══ Supplied information ══

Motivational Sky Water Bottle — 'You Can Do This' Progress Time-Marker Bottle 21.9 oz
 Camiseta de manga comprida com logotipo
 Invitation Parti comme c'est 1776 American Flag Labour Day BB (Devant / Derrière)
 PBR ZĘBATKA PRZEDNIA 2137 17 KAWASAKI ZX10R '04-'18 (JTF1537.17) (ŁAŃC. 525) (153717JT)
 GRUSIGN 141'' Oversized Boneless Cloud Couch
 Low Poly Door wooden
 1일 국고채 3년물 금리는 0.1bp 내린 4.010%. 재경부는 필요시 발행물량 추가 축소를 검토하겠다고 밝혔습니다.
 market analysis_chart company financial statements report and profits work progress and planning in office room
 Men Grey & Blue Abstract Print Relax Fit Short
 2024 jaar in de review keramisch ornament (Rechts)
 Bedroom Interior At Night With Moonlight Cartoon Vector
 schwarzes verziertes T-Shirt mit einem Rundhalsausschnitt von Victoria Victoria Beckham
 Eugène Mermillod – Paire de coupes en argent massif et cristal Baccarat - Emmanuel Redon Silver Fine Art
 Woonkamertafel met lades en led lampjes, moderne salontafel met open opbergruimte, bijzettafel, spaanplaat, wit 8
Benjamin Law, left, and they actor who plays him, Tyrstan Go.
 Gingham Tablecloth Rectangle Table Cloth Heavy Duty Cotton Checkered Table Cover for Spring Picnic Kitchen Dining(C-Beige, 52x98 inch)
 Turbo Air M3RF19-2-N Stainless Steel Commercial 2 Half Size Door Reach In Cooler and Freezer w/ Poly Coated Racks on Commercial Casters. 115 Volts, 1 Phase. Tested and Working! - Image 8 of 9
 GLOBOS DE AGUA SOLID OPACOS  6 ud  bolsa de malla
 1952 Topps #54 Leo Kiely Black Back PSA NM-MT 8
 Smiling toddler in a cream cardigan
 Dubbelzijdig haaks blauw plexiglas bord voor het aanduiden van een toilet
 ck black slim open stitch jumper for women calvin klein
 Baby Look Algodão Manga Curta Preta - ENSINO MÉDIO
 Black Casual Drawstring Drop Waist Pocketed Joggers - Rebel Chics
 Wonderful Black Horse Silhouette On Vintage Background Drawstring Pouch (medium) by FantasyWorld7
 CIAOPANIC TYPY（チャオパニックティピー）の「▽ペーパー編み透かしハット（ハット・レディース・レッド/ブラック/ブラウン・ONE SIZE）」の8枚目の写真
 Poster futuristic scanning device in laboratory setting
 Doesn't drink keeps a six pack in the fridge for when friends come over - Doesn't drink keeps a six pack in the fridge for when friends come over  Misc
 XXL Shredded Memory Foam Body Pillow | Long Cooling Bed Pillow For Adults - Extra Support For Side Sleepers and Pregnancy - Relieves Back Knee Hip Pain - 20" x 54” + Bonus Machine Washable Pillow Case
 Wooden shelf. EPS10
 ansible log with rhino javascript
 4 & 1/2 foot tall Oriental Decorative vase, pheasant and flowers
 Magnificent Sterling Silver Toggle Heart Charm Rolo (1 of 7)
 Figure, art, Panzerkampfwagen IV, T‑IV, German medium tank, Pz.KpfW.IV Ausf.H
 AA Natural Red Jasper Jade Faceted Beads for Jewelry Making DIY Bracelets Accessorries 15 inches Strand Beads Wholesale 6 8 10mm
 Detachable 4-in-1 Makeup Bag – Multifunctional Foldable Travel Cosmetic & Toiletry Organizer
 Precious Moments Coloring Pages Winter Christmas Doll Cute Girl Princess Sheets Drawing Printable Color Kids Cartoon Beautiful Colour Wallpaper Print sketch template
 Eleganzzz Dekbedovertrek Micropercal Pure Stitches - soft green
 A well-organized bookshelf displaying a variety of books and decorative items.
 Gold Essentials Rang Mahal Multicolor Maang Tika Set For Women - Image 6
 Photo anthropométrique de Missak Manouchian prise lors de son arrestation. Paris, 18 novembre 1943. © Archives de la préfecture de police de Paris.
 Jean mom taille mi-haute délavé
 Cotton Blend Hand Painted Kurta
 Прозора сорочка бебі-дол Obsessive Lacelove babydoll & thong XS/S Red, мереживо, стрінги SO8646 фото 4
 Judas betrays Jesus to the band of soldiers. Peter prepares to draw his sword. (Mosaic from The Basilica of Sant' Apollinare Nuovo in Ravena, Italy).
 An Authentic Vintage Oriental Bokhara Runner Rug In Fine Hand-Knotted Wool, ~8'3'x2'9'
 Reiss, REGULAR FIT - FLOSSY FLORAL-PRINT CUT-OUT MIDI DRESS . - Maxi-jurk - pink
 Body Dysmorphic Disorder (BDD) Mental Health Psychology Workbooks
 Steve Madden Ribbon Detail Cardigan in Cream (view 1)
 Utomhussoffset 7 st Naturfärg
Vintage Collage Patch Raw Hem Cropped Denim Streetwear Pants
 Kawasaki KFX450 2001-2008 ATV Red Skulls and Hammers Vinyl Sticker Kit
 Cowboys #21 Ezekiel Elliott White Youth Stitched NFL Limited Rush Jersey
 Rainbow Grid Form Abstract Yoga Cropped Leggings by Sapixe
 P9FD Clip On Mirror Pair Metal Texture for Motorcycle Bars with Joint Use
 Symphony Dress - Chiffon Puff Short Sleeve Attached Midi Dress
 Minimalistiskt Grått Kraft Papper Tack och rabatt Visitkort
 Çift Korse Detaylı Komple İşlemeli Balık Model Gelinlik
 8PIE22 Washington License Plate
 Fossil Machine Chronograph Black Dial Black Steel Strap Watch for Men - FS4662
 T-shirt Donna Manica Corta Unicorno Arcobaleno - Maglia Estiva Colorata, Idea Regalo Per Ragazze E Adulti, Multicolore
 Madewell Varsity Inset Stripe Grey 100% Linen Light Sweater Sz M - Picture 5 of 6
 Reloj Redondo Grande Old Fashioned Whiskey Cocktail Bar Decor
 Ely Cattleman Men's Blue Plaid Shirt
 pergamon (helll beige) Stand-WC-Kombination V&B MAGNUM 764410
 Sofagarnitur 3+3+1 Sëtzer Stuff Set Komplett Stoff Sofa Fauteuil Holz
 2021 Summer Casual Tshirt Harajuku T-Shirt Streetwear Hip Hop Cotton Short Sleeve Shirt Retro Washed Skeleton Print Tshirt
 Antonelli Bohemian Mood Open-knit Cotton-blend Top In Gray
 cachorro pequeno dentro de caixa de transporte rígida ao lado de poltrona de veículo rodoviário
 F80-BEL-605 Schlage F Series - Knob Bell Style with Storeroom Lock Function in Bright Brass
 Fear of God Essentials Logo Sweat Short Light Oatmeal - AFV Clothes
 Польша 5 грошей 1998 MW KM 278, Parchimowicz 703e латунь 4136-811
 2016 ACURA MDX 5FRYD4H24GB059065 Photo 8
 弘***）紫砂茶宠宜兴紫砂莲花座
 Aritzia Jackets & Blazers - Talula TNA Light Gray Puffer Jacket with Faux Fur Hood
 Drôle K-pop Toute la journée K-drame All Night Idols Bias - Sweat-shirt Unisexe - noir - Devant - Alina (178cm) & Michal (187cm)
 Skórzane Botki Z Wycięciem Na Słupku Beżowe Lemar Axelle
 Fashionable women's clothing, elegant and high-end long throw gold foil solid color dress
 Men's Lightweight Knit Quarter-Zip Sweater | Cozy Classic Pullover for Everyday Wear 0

═══

Brief
Exactly as they appear, retype the lines from the start of the records through the line containing "ck black slim".

Exercise solution
Motivational Sky Water Bottle — 'You Can Do This' Progress Time-Marker Bottle 21.9 oz
 Camiseta de manga comprida com logotipo
 Invitation Parti comme c'est 1776 American Flag Labour Day BB (Devant / Derrière)
 PBR ZĘBATKA PRZEDNIA 2137 17 KAWASAKI ZX10R '04-'18 (JTF1537.17) (ŁAŃC. 525) (153717JT)
 GRUSIGN 141'' Oversized Boneless Cloud Couch
 Low Poly Door wooden
 1일 국고채 3년물 금리는 0.1bp 내린 4.010%. 재경부는 필요시 발행물량 추가 축소를 검토하겠다고 밝혔습니다.
 market analysis_chart company financial statements report and profits work progress and planning in office room
 Men Grey & Blue Abstract Print Relax Fit Short
 2024 jaar in de review keramisch ornament (Rechts)
 Bedroom Interior At Night With Moonlight Cartoon Vector
 schwarzes verziertes T-Shirt mit einem Rundhalsausschnitt von Victoria Victoria Beckham
 Eugène Mermillod – Paire de coupes en argent massif et cristal Baccarat - Emmanuel Redon Silver Fine Art
 Woonkamertafel met lades en led lampjes, moderne salontafel met open opbergruimte, bijzettafel, spaanplaat, wit 8
Benjamin Law, left, and they actor who plays him, Tyrstan Go.
 Gingham Tablecloth Rectangle Table Cloth Heavy Duty Cotton Checkered Table Cover for Spring Picnic Kitchen Dining(C-Beige, 52x98 inch)
 Turbo Air M3RF19-2-N Stainless Steel Commercial 2 Half Size Door Reach In Cooler and Freezer w/ Poly Coated Racks on Commercial Casters. 115 Volts, 1 Phase. Tested and Working! - Image 8 of 9
 GLOBOS DE AGUA SOLID OPACOS  6 ud  bolsa de malla
 1952 Topps #54 Leo Kiely Black Back PSA NM-MT 8
 Smiling toddler in a cream cardigan
 Dubbelzijdig haaks blauw plexiglas bord voor het aanduiden van een toilet
 ck black slim open stitch jumper for women calvin klein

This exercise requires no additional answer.